Baroness–“Seasons,” from Gold & Grey (2019)

The music of Baroness centers on guitarist/vocalist/songwriter/visual artist John Baizley, who is one of those people who can smile and still radiate heaviness. While the tracks released ahead of the June 14 release of Gold & Grey bear his unmistakable stamp, the band’s current lineup offers power and flexibility not heard even on its high-water mark album, 2012’s Yellow & Green or its acclaimed follow-up, Purple.

A case in point is “Seasons.”

(See below for the band’s official video, a fan-shot live vid, and extra comments.)

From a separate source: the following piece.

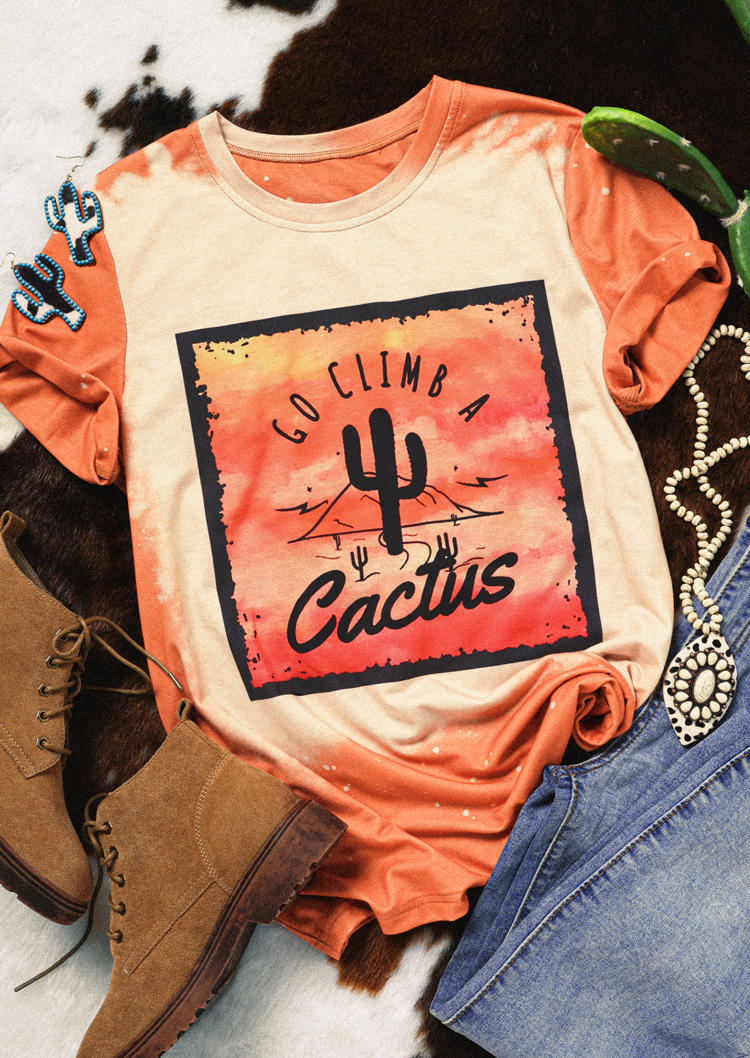 

T-shirts Tees Go Climb A Cactus Bleached T-Shirt Tee in Orange. Size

Riding on beats by drummer Sebastian Thomson that sound like Keith Moon after binging on a cocktail of progressive electronica and black metal, Baizley and co-guitarist Gina Gleason (making her recording debut with the band) careen among ambient swells of reverb and pitch shifting; dark, wiry picked patterns; gnashing power chording; and twisting, harmonized lines that bring to mind a giant, distorted organ. No part repeats much, and even when the canyon-wide chorus comes around a second time, it is treated so differently by Baizley and Gleason as to have an elevated impact. The abrupt cut-off of the tumbling harmonized-guitar coda is a brave move. Nothing like leaving ‘em wanting more.

“Seasons” is evidence of a band that is wild with possibilities, more than nimble enough to pull off seriously crazy ideas, and so dedicated to the art of rock-band-music that they have left genre classification behind. The tune is heavy, for sure, but it is beholden to no well-worn tropes.

Baroness embarks on an American tour in early June, covering much of the United States, as well as locations in Mexico, Chile, Argentina, and Brazil. The band will be in the greater New York area around the time of the release of Gold & Grey, with an in-store acoustic gig at Rough Trade’s Brooklyn domain on June 14, the day of the new album’s release. They cover Europe thoroughly from September through November.


● The skull in the opening frames telegraphs “metal,” but the majority of the video is studio and rehearsal footage that will feed the appetites of pedal fiends.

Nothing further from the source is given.